**RAW DATA:**
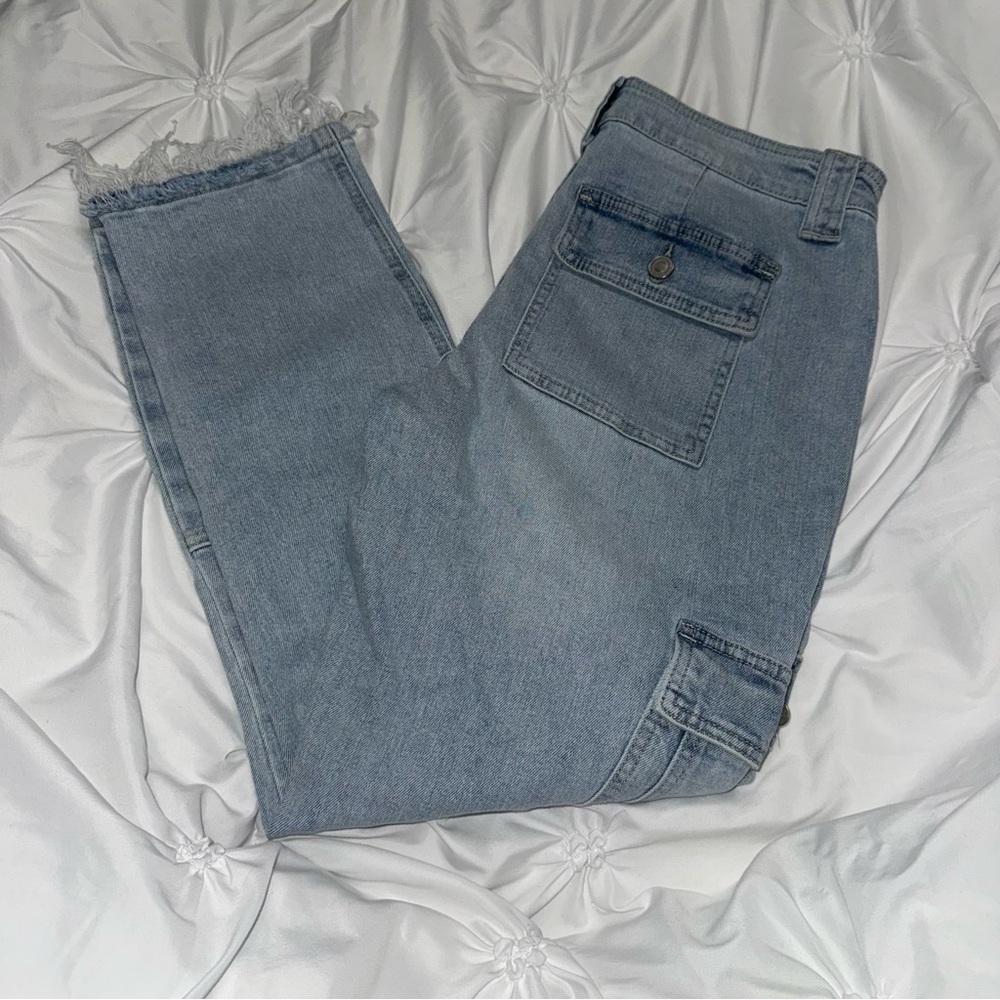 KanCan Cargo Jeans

...

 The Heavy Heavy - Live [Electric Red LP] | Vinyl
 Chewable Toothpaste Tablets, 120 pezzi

...

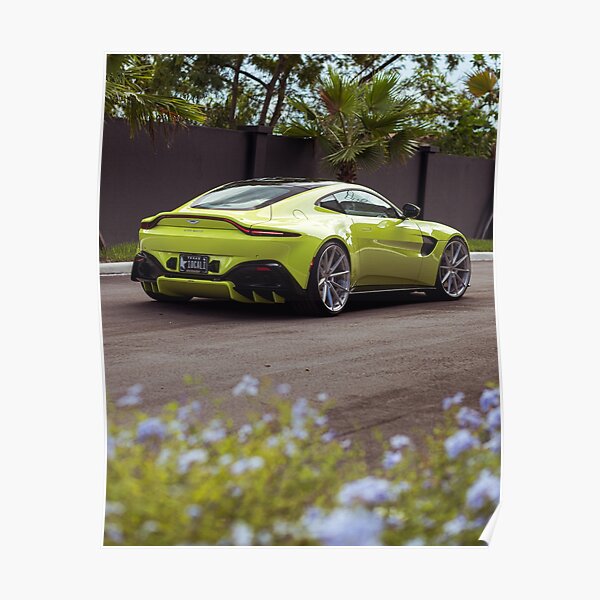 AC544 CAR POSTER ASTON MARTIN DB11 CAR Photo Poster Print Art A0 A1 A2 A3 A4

**YOUR GOAL:** Above are records; repeat only the lines starting at the line with "The Heavy Heavy" and ending at the line with "Chewable Toothpaste Tablets, 120 pezzi", exactly as they appear, both included.

**TASK RESPONSE:**
 The Heavy Heavy - Live [Electric Red LP] | Vinyl
 Chewable Toothpaste Tablets, 120 pezzi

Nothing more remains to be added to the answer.